Monday 27 May 2013

A Sackful of Sayings No: 9

It was not just the pizza in Sydney coming close to the elusive tastes and smells of my childhood I have searched for ever since, but it was also the waiters and the atmosphere.  They come from a world all but lost.  Like the conversations with the Jews of Melbourne, with their warm personalities and grief-driven pasts, a reminder of what might have been had I never left Boro Park, had the world not collapsed in the events of the last century, and had not my own self resisted each new environment.  This is the tragic paradox of history.

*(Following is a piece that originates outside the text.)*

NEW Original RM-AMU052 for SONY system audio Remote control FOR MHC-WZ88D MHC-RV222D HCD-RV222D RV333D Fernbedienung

Two statements in the morning newspapers: (1) “If the pre-school schedule is reduced,” said a frantic working mother, “I will have to stay at home and look after my children”; and (2) “I am sixty-five,” said a hard-boiled journalist on the morning of his retirement, “and do not want to learn anything new.”  Not only could these remarks have been phrased more felicitously so as to mask the impressions of selfishness and willful ignorance, but the underlying changes in the way people think of the way they fit into society could have been made clearer and less aggressive.  It will probably take generations for people to be able to talk about their “issues” without using jargon and catch-phrases, to find a balance between individuality and responsibility, and to appreciate the creative tensions in their ability to create knowledge and take care of their families.  Meanwhile, the rest of us will have to suffer.


The horrid history of the past century has overwhelmed the fantasies of the nineteenth.  Unimaginative men and women did what the most poetic minds could never reach, not even Mirbeau in The Garden of Torments or Poe in his Pit and Pendulum.  Is it therefore true that there can be no literature after the Holocaust or must we take our own novels and verses as the secret places where the imagination has gone to rest and recuperate?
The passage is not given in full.